- Born: Japan
- Engineering career
- Employer: Toyota Motor Corporation
- Projects: AE86
- Significant design: Lexus IS Lexus SC Toyota Supra

= Nobuaki Katayama =

Japanese automotive engineer

Nobuaki Katayama is a Japanese automotive engineer and former racing driver who was the chief engineer for the first generation Lexus IS, the Toyota Altezza in Japan, the first generation Lexus SC 400/SC 300, and the 4th generation of the Toyota Supra. Previously, he was an engineer on the AE86 project, and also worked for four years on Toyota Motorsports' World Rally Championship and Le Mans programs.

==Career==
Katayama joined Toyota Motor Corporation in 1970, where he spent years working in manual transmission design.
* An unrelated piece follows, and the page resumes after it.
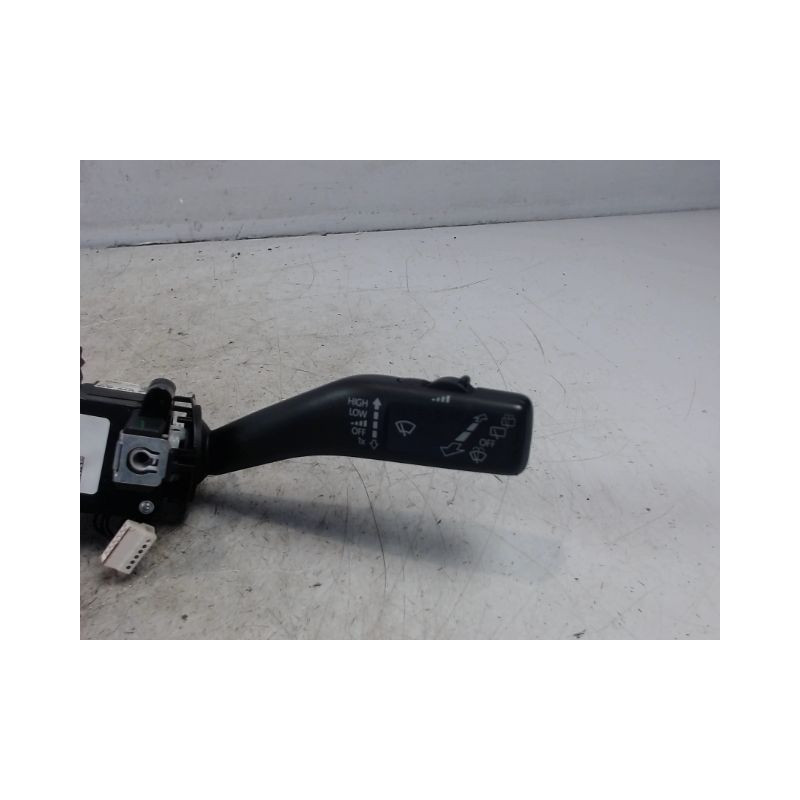 COMMANDE CLIGNOTANT VOLKSWAGEN SHARAN 2004-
In 1989, he joined the company's motorsport division. Through the 1990s, Katayama worked in Europe as an executive in Toyota's Motorsports division, where he assisted in World Rally Championship, Sports Car World Championship, and Le Mans racing. He also competed in rallies and other races. From 1994 onward, he worked as the chief engineer of the fourth generation of the Toyota Supra performance coupe. He also worked on the first generation Lexus SC coupes, the SC 400 and SC 300, and then the first Lexus IS.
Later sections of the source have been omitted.